Abstract

Revenue management (RM) is essential for a wide range of industries such as airlines, hotels, cruise lines, fashion, and seasonal retail. This paper focuses on the multi-perishable-product dynamic pricing (MPPDP) problem, a significant research field in RM, where a company sells multiple interactive and perishable products over a limited selling window without replenishment. Most studies in this field assume customer behavior, which is modeled by demand function, is known in advance. Even when considering uncertainty in customer behavior, most studies still assume the mathematical form or structural properties of the underlying demand function are known in advance.
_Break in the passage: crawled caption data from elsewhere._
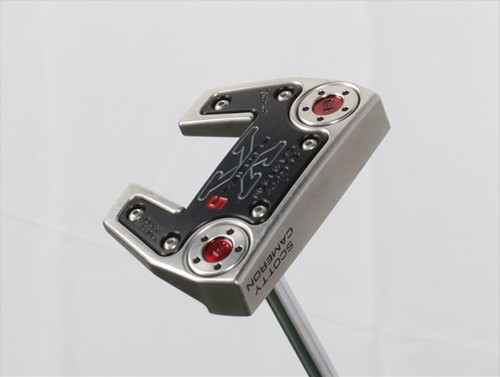 Titleist Scotty Cameron Futura X5 35" Putter Good Rh 12767234 Titleist Scotty Cameron Futura X5 35" Putter Good Rh 12767234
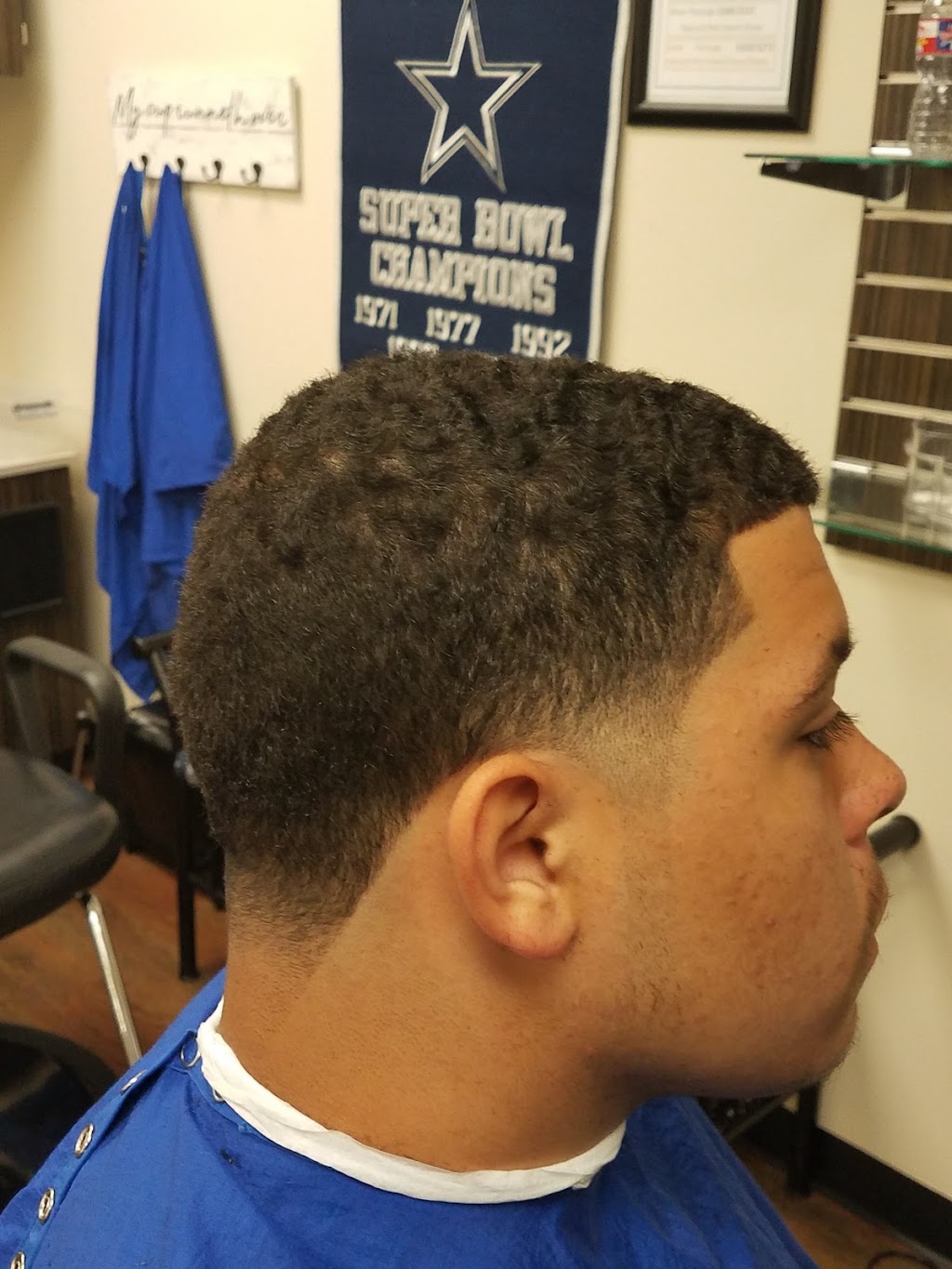 The Light Barbershop | 1953 Golden Heights Rd, Fort Worth, TX 76177, USA | Phone: (682) 554-8509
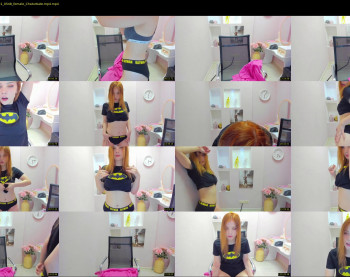 veronica_space — 70 minute Chaturbate female cam show recording, 1080p, May 22, 2021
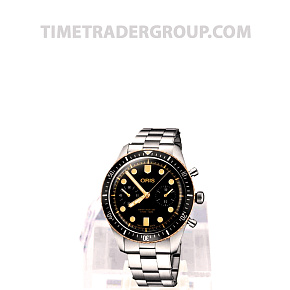 Oris Oris Divers Sixty-Five Chronograph 01 771 7744 4354-07 8 21 18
However, these assumptions are usually inconsistent with the actual market situation. Recently, Reinforcement Learning (RL), a potent technique for handling sequential decision-making problems, has been increasingly applied to solve complex dynamic pricing problems without relying on any assumption about demand functions. However, the curse of dimensionality poses a challenge for currently used centralized RL algorithms when solving the MPPDP problem due to the exponential expansion of the joint price space with the number of products. To address this issue, our paper proposes a distributed dynamic pricing framework and innovatively models the MPPDP problem as a Fully Cooperative Markov Game solved by Multi-Agent Reinforcement Learning (MARL). Additionally, we use counterfactual baselines to design appropriate agent-specific reward signals that facilitate faster learning for the agents in our established multi-agent cooperative system. Finally, two MARL-based distributed dynamic pricing algorithms, Counterfactual Q-learning, and Counterfactual DQN, are proposed for the MPPDP problem. Through the case studies on four computer-simulated markets, we show that our algorithms can alleviate the curse of dimensionality faced by centralized RL algorithms, expedite the learning process, and demonstrate satisfactory performance without relying on any assumption about demand functions. In conclusion, our work provides an effective MARL-based distributed dynamic pricing framework and algorithms for companies to efficiently price their multiple perishable products in modern highly uncertain markets.